WORKING DATA:
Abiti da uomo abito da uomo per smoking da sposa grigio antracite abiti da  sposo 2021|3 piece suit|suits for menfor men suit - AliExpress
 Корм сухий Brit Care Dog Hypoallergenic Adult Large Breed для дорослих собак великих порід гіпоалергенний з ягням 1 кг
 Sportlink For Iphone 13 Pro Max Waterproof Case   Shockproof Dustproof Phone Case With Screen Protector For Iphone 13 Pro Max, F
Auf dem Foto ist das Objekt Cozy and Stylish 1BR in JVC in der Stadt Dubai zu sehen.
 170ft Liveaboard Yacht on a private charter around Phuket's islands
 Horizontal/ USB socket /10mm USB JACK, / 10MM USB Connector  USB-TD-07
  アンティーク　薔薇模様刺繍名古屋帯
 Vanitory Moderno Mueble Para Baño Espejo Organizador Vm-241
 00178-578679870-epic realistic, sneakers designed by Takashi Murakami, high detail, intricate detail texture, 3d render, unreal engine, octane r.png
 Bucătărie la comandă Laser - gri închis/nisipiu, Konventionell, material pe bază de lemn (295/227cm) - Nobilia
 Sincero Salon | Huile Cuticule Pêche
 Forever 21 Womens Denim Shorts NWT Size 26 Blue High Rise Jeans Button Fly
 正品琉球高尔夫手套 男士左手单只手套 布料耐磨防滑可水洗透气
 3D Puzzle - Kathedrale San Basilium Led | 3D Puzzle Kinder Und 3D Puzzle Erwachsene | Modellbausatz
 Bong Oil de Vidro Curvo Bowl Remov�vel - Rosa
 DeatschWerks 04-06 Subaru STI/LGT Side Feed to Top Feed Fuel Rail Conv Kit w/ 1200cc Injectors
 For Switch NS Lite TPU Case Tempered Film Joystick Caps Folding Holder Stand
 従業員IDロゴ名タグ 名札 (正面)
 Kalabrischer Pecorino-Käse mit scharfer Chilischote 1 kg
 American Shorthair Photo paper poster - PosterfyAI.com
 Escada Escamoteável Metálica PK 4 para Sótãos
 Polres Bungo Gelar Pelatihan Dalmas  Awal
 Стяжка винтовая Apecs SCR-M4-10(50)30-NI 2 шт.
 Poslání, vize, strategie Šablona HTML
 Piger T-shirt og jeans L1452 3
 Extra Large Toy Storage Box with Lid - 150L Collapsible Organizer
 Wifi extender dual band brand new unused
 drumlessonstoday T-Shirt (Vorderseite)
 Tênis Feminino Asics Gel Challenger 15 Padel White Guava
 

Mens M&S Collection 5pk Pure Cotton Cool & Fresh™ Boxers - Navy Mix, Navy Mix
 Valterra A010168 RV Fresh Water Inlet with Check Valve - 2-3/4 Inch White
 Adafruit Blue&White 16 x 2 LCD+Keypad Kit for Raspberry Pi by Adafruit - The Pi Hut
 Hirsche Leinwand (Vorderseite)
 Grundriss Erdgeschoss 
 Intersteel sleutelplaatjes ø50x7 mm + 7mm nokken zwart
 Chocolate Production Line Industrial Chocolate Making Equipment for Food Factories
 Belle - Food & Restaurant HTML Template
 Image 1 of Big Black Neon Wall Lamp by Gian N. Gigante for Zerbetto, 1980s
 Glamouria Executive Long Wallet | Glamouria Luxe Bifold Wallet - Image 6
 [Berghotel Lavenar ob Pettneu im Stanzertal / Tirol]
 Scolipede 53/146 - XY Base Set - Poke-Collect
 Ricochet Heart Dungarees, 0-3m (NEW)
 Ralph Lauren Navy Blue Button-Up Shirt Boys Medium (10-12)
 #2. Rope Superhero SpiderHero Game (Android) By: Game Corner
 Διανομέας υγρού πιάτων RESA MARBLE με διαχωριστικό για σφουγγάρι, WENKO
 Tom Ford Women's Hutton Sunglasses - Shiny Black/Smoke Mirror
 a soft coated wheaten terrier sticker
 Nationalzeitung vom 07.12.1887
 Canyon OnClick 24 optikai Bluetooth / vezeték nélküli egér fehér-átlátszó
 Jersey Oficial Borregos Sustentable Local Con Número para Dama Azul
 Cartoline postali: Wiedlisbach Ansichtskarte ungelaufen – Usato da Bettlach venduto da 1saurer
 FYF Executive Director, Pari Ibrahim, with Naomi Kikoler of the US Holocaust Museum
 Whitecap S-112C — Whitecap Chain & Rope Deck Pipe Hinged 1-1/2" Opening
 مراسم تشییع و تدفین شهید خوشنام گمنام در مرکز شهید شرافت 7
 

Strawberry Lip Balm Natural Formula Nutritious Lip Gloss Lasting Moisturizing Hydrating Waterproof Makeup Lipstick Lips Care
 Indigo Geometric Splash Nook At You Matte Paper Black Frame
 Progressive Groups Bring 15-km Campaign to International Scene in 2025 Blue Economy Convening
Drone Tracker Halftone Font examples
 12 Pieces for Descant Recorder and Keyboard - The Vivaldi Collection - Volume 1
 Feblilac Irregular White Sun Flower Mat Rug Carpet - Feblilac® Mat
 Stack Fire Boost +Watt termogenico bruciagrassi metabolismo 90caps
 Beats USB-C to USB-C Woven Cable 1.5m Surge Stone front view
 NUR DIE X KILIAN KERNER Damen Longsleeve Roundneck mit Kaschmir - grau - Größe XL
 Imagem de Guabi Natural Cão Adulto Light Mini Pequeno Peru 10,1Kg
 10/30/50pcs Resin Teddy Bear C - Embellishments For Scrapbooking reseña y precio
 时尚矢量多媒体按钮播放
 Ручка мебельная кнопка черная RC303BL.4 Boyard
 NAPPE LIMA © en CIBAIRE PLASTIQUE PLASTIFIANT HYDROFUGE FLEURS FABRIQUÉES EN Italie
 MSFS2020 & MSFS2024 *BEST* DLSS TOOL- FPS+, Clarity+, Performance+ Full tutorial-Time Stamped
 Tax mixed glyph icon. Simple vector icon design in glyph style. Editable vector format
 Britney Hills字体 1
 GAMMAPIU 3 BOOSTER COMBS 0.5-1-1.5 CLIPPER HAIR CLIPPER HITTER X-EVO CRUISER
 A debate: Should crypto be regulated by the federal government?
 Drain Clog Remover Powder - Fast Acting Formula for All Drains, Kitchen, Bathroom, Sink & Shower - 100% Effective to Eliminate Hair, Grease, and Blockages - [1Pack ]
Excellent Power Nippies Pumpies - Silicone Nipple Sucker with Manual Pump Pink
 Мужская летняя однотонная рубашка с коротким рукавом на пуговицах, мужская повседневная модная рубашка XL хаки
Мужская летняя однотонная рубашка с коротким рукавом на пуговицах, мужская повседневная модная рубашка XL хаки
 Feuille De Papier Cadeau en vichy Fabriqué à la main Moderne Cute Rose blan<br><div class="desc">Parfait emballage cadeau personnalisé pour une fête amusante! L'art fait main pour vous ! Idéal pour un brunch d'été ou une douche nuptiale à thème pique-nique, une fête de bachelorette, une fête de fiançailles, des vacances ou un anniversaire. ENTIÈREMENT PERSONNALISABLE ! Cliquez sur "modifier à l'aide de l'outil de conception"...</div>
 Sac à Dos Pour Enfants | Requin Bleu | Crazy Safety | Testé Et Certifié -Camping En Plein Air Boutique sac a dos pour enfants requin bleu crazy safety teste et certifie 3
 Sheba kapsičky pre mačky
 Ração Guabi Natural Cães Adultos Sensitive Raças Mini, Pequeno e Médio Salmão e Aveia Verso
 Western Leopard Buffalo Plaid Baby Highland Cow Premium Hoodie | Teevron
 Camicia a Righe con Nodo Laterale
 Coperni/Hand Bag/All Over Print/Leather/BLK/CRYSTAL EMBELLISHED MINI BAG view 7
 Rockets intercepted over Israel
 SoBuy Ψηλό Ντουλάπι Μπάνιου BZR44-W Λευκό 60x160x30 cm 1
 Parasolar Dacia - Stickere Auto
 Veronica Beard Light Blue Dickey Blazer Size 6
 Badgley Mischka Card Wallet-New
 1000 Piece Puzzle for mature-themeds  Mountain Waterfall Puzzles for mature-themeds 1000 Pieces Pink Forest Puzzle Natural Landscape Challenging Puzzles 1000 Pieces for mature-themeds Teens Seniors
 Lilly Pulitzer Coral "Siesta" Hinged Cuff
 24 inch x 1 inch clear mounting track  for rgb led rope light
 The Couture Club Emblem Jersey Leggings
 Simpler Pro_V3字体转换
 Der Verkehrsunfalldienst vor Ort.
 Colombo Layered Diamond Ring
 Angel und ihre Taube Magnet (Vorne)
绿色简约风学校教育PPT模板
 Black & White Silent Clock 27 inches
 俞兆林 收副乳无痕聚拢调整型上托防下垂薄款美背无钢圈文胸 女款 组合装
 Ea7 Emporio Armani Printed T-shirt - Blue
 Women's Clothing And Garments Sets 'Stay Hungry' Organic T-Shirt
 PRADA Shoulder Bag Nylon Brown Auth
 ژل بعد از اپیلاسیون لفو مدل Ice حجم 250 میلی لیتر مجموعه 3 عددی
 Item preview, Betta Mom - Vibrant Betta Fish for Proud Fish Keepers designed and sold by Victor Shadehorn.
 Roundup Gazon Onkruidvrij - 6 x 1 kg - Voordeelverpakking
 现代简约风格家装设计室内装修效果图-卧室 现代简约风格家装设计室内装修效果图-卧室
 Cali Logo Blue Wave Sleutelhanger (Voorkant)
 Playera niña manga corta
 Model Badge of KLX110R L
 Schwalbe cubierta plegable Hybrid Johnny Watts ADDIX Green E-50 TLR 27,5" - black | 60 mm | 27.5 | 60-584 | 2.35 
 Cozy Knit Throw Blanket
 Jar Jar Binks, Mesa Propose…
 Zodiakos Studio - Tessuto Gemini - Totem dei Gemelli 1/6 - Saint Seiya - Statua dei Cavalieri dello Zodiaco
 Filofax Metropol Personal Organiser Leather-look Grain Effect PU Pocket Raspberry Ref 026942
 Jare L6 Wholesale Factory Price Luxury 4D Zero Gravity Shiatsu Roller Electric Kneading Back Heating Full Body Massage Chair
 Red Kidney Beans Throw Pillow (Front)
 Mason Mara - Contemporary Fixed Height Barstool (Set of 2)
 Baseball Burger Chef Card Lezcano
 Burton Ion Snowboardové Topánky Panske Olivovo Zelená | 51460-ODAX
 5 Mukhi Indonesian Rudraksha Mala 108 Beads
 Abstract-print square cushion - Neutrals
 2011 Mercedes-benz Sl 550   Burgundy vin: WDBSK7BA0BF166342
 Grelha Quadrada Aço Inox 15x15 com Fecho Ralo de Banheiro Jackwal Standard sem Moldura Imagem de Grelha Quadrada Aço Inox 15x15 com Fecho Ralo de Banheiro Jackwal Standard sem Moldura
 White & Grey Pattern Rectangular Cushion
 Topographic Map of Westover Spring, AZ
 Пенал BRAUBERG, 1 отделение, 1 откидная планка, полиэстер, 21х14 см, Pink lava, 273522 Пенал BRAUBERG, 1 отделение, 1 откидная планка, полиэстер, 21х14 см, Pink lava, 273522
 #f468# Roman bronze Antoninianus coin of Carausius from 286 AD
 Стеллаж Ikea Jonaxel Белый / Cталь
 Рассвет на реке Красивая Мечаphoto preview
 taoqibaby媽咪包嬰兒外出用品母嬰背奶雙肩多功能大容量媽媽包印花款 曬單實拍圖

BRIEF: Retype, exactly and in full, the lines above from the one containing "Ручка мебельная кнопка" through the one containing "A debate: Should".

PROBLEM SOLUTION:
 Ручка мебельная кнопка черная RC303BL.4 Boyard
 NAPPE LIMA © en CIBAIRE PLASTIQUE PLASTIFIANT HYDROFUGE FLEURS FABRIQUÉES EN Italie
 MSFS2020 & MSFS2024 *BEST* DLSS TOOL- FPS+, Clarity+, Performance+ Full tutorial-Time Stamped
 Tax mixed glyph icon. Simple vector icon design in glyph style. Editable vector format
 Britney Hills字体 1
 GAMMAPIU 3 BOOSTER COMBS 0.5-1-1.5 CLIPPER HAIR CLIPPER HITTER X-EVO CRUISER
 A debate: Should crypto be regulated by the federal government?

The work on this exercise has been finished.